Data in this exercise:
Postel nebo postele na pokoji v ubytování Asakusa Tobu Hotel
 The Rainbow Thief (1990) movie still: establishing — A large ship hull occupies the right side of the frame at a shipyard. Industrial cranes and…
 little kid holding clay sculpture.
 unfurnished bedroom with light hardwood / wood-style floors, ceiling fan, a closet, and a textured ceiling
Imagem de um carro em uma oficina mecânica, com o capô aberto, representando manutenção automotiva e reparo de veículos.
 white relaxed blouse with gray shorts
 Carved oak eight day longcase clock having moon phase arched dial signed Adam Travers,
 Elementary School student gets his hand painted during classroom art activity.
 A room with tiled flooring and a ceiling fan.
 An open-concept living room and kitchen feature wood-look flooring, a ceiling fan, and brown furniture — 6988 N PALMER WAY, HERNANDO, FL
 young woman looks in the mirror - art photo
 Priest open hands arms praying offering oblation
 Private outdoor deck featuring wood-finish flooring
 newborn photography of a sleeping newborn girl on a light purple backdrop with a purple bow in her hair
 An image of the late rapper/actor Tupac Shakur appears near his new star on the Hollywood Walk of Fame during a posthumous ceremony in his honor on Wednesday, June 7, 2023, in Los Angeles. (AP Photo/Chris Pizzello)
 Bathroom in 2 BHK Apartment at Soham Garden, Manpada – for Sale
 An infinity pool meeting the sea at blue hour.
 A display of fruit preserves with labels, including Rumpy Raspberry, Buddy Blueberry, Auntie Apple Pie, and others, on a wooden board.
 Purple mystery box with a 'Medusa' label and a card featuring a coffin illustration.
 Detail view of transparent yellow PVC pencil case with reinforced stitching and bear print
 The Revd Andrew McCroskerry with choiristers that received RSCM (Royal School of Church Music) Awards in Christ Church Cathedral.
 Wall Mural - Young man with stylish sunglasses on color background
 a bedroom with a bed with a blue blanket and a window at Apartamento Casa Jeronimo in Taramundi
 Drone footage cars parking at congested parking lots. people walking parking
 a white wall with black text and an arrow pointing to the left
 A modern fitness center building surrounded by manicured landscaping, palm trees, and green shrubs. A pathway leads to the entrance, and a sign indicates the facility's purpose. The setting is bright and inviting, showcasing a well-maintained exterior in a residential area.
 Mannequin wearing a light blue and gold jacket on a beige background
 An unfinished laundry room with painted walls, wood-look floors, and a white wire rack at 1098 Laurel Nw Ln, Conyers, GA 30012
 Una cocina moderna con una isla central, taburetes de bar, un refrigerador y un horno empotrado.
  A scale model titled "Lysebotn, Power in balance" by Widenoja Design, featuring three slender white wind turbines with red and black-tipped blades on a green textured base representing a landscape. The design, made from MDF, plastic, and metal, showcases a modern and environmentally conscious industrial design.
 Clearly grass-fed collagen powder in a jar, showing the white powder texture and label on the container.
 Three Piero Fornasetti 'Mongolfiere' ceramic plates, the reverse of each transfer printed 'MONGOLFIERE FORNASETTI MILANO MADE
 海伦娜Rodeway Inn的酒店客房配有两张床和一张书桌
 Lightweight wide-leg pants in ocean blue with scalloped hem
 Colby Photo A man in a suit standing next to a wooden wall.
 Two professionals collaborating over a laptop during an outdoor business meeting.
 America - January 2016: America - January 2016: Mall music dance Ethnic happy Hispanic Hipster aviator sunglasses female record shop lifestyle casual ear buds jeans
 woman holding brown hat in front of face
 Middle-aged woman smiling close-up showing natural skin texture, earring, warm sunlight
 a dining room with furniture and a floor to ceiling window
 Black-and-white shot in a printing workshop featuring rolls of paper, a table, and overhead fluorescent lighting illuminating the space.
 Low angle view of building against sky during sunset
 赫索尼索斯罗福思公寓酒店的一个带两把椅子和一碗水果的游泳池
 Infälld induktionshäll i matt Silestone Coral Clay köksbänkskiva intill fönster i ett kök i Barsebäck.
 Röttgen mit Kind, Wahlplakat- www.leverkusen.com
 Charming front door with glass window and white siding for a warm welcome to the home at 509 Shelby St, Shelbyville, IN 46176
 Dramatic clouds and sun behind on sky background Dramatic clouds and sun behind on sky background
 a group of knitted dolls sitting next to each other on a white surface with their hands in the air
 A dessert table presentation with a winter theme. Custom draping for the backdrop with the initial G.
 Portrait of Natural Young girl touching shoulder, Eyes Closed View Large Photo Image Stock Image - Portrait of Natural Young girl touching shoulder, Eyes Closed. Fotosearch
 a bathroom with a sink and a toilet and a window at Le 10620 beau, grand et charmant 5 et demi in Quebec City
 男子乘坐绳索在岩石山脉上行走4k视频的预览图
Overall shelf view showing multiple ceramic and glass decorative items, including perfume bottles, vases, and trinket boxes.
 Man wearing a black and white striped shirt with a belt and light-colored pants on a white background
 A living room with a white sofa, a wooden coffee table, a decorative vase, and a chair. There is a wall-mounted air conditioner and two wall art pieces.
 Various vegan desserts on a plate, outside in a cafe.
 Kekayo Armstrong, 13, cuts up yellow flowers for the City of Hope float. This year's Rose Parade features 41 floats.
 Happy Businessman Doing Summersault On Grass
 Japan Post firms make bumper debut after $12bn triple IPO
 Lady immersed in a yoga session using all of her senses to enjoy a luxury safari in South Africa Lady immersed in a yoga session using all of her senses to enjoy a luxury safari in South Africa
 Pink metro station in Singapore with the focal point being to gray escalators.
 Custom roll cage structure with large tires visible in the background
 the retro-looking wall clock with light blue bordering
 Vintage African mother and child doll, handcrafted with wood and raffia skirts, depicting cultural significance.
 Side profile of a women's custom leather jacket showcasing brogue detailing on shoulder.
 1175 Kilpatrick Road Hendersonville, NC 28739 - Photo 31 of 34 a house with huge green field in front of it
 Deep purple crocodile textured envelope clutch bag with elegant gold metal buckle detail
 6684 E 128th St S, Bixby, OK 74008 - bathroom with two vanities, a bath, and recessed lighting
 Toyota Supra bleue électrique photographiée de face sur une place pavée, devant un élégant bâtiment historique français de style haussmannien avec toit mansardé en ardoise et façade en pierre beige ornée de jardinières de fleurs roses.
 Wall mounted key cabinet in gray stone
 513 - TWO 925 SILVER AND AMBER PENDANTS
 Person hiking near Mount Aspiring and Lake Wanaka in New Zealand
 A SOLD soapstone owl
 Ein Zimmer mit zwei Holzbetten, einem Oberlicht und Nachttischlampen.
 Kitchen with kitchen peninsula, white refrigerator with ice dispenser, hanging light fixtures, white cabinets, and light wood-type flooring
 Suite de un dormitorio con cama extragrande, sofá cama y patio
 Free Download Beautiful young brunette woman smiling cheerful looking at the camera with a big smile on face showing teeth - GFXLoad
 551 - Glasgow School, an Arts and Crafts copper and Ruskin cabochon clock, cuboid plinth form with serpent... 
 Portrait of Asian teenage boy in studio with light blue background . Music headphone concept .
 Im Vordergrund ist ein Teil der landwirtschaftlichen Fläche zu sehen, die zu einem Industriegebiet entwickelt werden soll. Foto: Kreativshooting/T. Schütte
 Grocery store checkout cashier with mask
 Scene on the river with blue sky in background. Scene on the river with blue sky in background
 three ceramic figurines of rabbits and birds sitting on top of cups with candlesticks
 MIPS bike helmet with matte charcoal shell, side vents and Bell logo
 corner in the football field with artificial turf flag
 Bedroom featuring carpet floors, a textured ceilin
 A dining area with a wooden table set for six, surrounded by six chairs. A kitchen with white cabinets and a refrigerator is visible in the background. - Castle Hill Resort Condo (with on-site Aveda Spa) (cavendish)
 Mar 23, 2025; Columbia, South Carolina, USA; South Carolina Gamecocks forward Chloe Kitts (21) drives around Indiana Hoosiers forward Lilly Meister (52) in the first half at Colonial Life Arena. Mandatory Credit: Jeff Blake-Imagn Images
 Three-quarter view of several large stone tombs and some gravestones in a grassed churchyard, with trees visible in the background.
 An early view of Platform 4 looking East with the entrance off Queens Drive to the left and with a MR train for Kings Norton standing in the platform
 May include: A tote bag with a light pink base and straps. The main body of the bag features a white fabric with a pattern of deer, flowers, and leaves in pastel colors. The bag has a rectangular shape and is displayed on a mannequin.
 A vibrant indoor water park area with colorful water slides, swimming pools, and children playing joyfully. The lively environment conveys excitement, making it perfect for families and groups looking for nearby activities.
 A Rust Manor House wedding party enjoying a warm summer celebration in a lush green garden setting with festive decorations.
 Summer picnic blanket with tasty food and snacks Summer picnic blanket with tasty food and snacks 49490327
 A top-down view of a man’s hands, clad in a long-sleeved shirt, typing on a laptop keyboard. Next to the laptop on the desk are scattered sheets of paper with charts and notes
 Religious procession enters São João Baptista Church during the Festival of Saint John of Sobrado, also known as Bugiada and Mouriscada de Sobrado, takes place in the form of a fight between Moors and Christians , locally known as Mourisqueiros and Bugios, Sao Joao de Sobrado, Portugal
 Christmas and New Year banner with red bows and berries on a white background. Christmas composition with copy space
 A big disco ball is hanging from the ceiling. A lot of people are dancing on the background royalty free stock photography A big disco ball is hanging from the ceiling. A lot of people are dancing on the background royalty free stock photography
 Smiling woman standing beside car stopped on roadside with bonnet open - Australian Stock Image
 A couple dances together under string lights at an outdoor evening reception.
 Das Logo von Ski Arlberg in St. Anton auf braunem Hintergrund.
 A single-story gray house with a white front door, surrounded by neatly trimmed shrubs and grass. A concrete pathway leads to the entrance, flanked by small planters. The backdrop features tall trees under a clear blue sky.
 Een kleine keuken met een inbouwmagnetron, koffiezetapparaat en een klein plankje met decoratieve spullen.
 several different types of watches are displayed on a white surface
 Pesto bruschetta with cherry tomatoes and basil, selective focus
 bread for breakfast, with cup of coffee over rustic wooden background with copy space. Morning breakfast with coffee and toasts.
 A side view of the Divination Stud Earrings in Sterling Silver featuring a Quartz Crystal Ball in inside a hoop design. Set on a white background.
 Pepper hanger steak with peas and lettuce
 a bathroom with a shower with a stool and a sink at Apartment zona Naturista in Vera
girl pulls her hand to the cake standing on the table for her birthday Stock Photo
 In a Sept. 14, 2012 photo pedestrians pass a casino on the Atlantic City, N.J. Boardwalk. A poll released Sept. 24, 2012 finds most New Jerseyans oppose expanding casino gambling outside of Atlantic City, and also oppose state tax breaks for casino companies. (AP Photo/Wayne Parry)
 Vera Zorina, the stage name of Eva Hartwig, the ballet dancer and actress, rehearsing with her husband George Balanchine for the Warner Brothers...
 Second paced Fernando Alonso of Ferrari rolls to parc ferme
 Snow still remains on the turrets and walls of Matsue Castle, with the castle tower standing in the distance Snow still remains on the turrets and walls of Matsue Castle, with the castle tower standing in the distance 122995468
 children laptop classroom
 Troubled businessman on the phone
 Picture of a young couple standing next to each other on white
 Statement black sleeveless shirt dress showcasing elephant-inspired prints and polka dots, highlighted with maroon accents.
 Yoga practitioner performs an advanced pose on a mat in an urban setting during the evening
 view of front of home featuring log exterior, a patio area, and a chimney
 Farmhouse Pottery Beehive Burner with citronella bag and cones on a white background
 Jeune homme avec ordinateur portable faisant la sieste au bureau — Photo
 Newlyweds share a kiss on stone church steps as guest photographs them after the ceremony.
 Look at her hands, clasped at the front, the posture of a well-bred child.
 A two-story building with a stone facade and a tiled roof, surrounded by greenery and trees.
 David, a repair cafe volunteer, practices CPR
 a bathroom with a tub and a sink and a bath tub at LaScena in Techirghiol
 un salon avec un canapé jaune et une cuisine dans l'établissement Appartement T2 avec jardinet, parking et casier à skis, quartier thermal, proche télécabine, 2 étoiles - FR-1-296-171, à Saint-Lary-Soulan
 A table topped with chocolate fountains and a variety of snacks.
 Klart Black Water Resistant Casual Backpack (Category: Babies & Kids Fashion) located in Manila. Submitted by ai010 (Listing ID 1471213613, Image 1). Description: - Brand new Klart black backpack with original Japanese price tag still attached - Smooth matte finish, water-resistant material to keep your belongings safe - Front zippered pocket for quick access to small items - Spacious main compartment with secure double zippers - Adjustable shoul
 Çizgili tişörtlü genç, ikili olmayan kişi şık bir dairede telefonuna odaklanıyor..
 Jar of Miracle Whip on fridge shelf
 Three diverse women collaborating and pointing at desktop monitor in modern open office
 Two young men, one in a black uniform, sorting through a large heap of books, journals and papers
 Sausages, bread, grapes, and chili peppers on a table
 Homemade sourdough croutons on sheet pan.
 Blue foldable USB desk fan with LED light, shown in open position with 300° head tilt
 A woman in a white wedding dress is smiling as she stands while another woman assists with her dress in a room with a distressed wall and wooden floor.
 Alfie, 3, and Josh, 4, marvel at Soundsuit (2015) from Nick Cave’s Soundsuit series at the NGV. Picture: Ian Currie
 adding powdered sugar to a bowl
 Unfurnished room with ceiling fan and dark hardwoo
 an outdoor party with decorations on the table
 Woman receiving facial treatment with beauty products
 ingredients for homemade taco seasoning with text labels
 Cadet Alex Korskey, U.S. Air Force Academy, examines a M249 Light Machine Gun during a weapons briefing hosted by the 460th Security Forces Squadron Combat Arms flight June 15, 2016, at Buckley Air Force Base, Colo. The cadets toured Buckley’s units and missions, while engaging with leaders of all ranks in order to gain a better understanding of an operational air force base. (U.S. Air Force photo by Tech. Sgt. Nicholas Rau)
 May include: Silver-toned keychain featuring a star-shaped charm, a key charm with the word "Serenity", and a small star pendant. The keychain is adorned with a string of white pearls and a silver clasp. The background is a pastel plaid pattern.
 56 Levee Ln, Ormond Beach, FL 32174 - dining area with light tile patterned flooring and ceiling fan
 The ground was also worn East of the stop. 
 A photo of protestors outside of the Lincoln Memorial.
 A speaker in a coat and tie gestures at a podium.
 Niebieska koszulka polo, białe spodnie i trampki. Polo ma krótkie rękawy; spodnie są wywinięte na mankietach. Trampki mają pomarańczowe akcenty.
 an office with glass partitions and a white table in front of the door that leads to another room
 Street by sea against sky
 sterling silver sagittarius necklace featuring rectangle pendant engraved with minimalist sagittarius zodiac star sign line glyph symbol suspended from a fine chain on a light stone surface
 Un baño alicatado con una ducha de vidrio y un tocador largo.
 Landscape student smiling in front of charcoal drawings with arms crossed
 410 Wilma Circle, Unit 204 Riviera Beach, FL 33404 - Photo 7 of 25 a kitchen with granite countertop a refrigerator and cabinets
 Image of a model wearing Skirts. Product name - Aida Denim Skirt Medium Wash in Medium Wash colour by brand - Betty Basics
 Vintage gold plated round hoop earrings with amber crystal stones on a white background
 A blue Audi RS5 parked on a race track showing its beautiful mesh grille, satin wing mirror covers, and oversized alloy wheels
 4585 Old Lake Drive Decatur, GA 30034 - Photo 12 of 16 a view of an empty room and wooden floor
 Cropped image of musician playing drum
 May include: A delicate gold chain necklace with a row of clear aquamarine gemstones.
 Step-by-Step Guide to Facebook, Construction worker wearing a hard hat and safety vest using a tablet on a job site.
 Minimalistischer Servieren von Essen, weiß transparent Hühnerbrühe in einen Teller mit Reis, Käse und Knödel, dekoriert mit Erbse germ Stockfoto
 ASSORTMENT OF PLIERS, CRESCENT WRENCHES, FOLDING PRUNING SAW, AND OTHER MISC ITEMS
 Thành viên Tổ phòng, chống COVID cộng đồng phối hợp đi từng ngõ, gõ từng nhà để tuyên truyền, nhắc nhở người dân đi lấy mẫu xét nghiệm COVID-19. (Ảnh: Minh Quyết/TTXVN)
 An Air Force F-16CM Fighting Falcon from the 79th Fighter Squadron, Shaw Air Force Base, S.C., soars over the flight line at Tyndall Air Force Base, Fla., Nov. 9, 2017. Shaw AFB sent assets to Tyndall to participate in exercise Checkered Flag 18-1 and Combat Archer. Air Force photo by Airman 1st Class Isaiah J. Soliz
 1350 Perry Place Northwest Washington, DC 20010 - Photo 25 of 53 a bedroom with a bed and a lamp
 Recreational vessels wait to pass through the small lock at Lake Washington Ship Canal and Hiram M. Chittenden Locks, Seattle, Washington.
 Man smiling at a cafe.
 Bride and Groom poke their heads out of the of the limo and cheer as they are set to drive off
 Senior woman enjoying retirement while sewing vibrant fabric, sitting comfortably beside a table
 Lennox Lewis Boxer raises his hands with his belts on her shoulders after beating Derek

Task prompt:
Only the lines above from the one with "MIPS bike helmet" up to and including the one with "Bedroom featuring carpet" should be repeated, exactly as written.

Response:
 MIPS bike helmet with matte charcoal shell, side vents and Bell logo
 corner in the football field with artificial turf flag
 Bedroom featuring carpet floors, a textured ceilin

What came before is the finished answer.